Bien qu’il soit président d’une République et qu’il doive sa position à une élection, Macron a salué Napoléon pour avoir assuré la propriété bourgeoise grâce à un coup et rétabli les titres héréditaires après que les Français aient renversé une monarchie qui se prétendait de droit divin.

S’adressant à des lycéens à l’Institut de France, Macron a déclaré: «Après des mois d’échec, de France assiégée, de violence latente, Napoléon sut incarner l’ordre. ... Napoléon comprit très vite la nécessité de répondre aux vertiges de la fin du droit divin, en le substituant par une autre légitimité, une autre transcendance.»

Macron salua ensuite la décision par Napoléon de mettre fin à la Ie République et de se couronner empereur en 1804: «Son ultime intuition fut de combler le vide laissé par la figure du Roi le 21 janvier. La solution de celui qui devint en 1802 consul à vie fut radicale, confiée dans un oxymore extraordinaire: ‘la République a un Empire.’».

L’idée que le renversement de la monarchie en 1789 a laissé un vide qu’il faut remplir reflète les conceptions autoritaires qui prévalent actuellement dans la bourgeoisie française. Alors que Macron s’exprimait, la revue néo-fasciste Valeurs actuelles préparait une lettre de plus signée par des milliers d’officiers qui parlent de «guerre civile» et s’engagent à intervenir militairement sur le territoire français, au prix de milliers de vies. Remarquablement, Macron n’a rien dit dans son discours concernant cette menace.

Si, en observant la France et le monde, Macron ne voit que des échecs et des menaces cachées, c’est qu’il parle non de l’époque de la révolution américaine (1776), française (1789) et haïtienne (1791), mais de la France actuelle. Il médite sa propre présidence.
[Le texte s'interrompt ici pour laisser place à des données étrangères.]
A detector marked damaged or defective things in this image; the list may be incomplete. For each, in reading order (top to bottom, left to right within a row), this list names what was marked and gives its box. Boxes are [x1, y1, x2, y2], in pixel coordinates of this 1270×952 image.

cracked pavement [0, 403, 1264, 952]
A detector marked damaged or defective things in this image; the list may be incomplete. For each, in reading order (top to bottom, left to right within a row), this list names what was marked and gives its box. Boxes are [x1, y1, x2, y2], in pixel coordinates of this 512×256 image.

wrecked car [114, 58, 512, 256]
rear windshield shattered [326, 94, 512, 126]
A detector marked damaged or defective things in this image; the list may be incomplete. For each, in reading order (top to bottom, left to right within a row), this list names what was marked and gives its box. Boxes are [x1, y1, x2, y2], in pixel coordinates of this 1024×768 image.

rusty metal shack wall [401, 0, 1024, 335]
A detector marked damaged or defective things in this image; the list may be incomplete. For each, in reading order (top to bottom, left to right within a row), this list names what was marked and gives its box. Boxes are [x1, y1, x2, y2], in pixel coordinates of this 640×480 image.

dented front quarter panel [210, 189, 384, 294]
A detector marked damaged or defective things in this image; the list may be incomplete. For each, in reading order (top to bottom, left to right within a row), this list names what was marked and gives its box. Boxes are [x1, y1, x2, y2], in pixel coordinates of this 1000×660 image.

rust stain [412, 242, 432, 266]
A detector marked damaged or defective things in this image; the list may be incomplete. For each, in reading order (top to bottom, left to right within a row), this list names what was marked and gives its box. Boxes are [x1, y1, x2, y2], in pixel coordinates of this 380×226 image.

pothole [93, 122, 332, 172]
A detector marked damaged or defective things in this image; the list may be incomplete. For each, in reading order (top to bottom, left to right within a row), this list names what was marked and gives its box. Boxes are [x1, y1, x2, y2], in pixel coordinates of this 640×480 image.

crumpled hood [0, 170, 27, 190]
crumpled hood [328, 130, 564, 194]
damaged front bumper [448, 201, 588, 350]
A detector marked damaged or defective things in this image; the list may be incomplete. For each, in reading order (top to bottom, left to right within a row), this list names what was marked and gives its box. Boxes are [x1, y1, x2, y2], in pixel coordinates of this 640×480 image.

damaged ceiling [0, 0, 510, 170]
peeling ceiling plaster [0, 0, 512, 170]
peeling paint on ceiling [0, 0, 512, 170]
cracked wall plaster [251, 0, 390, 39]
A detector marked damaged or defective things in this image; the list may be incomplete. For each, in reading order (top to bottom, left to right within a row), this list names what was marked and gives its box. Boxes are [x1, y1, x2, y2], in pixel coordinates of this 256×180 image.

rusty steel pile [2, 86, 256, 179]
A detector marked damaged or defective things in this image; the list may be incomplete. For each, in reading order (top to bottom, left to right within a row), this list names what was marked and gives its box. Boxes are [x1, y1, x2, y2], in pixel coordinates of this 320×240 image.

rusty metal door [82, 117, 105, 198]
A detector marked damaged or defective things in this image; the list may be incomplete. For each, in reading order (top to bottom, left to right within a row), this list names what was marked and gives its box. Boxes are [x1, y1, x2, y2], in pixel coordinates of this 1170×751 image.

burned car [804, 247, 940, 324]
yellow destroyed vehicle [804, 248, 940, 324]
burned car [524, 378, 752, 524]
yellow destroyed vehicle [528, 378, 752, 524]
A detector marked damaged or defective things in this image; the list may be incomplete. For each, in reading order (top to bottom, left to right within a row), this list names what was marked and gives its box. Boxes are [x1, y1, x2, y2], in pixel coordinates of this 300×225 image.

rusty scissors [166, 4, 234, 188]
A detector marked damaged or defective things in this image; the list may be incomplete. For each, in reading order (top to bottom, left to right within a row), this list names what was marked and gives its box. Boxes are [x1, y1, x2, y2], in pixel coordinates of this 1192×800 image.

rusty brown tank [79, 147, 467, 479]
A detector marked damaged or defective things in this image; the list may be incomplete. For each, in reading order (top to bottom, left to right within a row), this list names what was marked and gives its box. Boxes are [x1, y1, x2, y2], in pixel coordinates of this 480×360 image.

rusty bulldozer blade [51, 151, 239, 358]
La décennie écoulée entre la prise de la Bastille le 14 juillet 1789 et le coup d’état de Napoléon n’a pas constitué un échec, et sa violence n’était pas latente. Cinq ans après la prise de la Bastille, la France révolutionnaire avait vaincu les armées des monarchies européennes et exproprié la propriété féodale. A l’intérieur de la France même, elle avait écrasé les soulèvements contre-révolutionnaires, les Vendéens de l’est et les Fédérés du sud.

Après l’exécution de Maximilien Robespierre et la conclusion de la période radicale de la révolution en Thermidor 1794, la République bourgeoise réprima plusieurs révoltes appelant à détenir la propriété en commun, telle que la Conjuration des égaux de Gracchus Babeuf. Napoléon devint l’homme fort du nouvel ordre, malgré une disgrâce initiale pour avoir été décoré par Augustin Robespierre, le frère cadet de Maximilien, pour sa reprise de Toulon contre les Anglais en 1793. Menant une guerre contre les monarchies féodales de l’Europe, il a consolidé la propriété privée en France et à travers l’Europe.

Faisant écho à son «salut républicain» à la candidate néo-fasciste Marine Le Pen le soir de son élection, Macron a loué Napoléon de s’être allié aux démocrates aussi bien qu’aux monarchistes. «Napoléon a compris qu’il devait constamment rechercher la grandeur et l’union nationale… Il l’a fait en travaillant à réconcilier ceux que la révolution avait opposés dans le sang.» Il a loué la décision de Napoléon de choisir l’abeille, symbole de la dynastie mérovingienne, comme symbole lors de son couronnement.

De telles références obscures témoignent d’un fait politique certain. Macron revient sur Napoléon, et surtout sur le vaste appareil policier qu’il a mis en place contre les conspirations royalistes et l’opposition de gauche, pour faire appel aux traditions de gouvernement bonapartiste en France pour créer un régime autoritaire au 21e siècle.

Un régime bonapartiste dépend sur la police et l’armée pour se présenter en tant que point d’équilibre entre les classes, dans l’intérêt supérieur de la nation. Cependant il se révèle toujours le poing de fer des capitalistes contre la classe ouvrière.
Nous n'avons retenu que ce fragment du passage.